The task ▸ Below, some lines carry pictures; leave those pictures out and retype exactly the lines from the one with "Zazil-ha House |" through the one with "George Strait: Bio And Career Highlights".

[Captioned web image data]
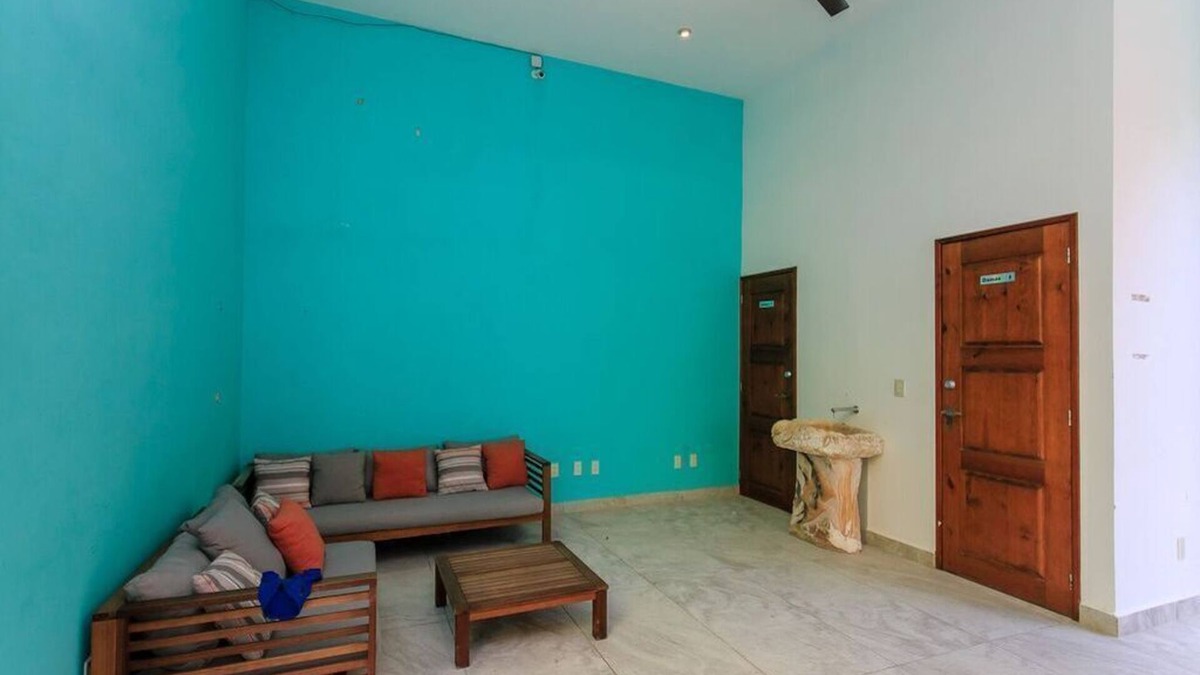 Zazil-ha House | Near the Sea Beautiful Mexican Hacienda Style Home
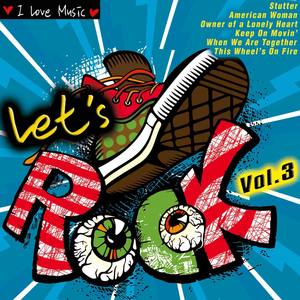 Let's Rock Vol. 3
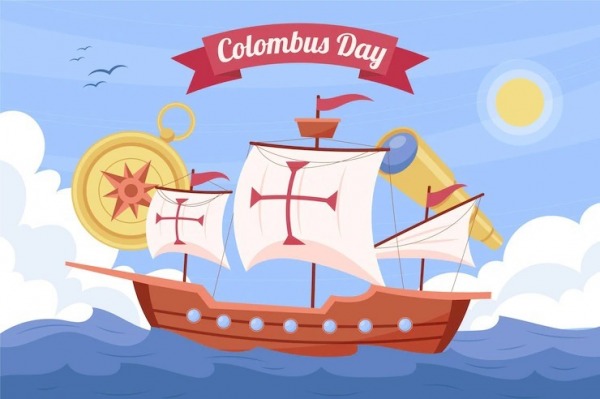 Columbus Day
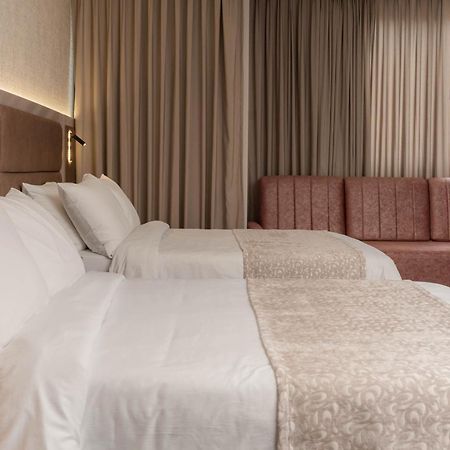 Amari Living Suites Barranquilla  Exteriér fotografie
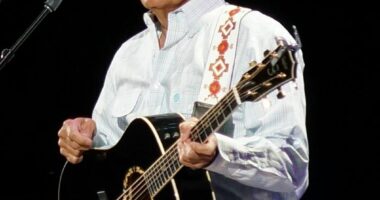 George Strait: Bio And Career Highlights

* * *

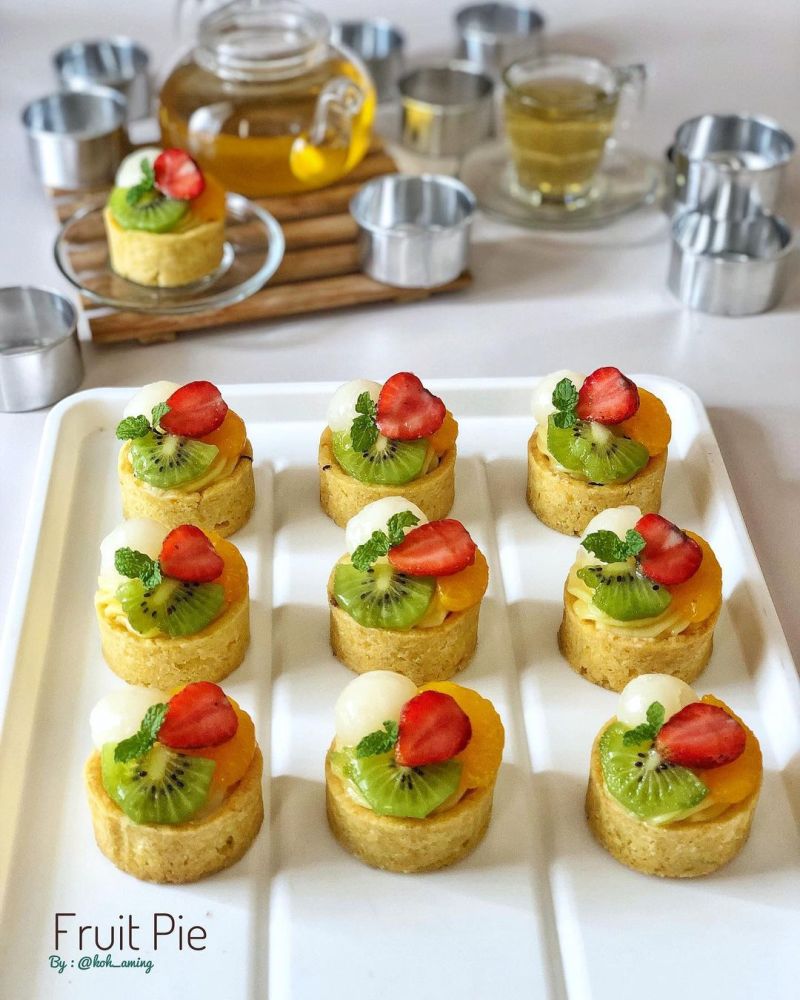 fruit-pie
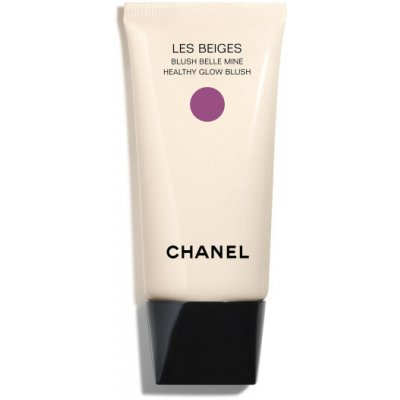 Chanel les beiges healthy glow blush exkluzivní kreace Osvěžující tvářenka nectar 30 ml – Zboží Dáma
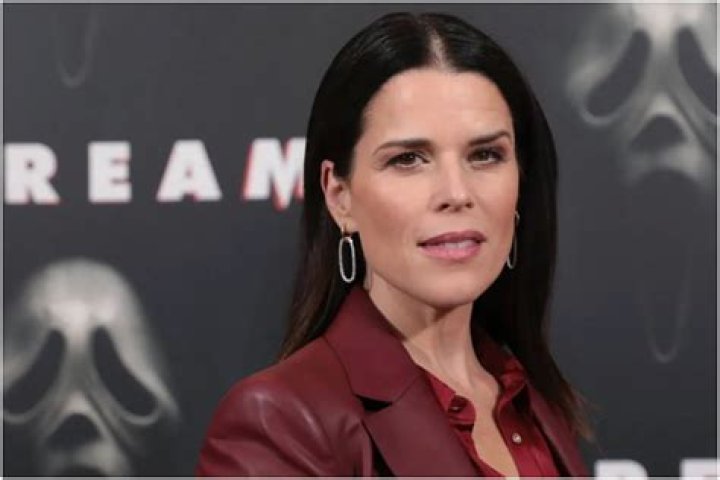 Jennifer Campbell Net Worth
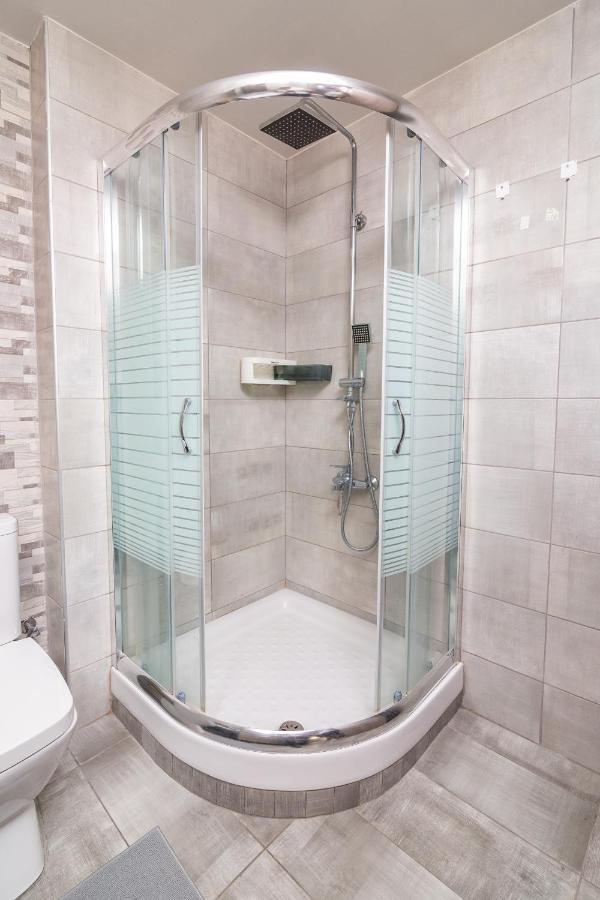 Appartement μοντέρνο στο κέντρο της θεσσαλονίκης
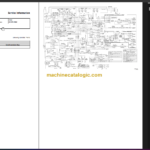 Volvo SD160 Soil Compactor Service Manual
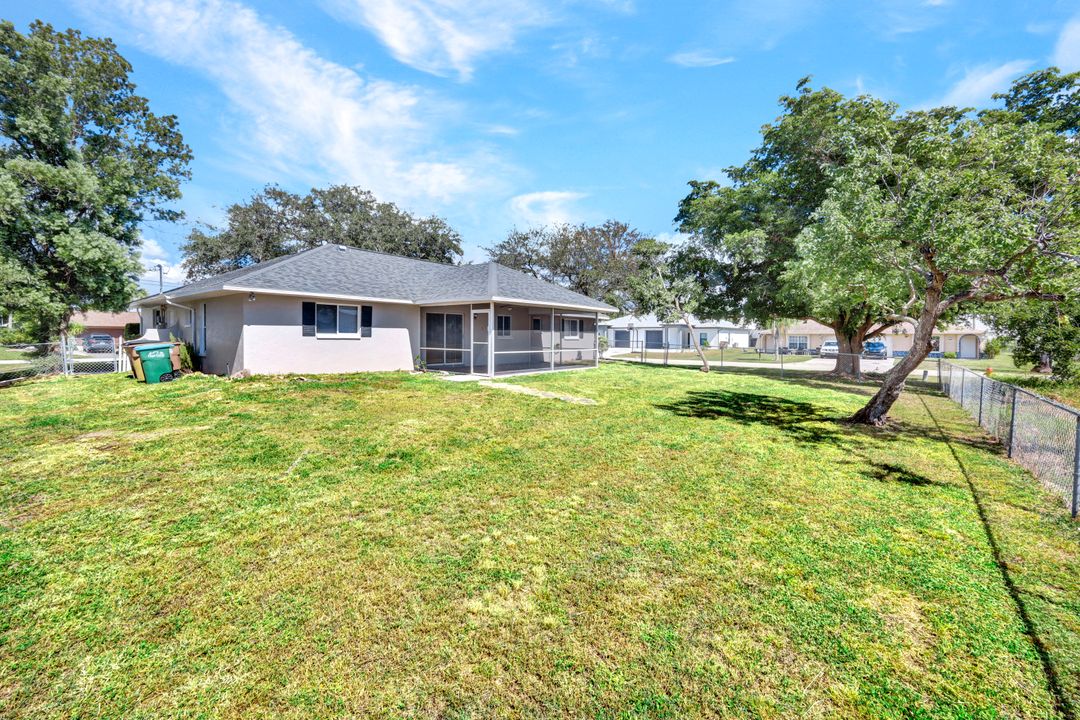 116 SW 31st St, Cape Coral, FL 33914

Output for this task ▸
 Zazil-ha House | Near the Sea Beautiful Mexican Hacienda Style Home
 Let's Rock Vol. 3
 Columbus Day
 Amari Living Suites Barranquilla  Exteriér fotografie
 George Strait: Bio And Career Highlights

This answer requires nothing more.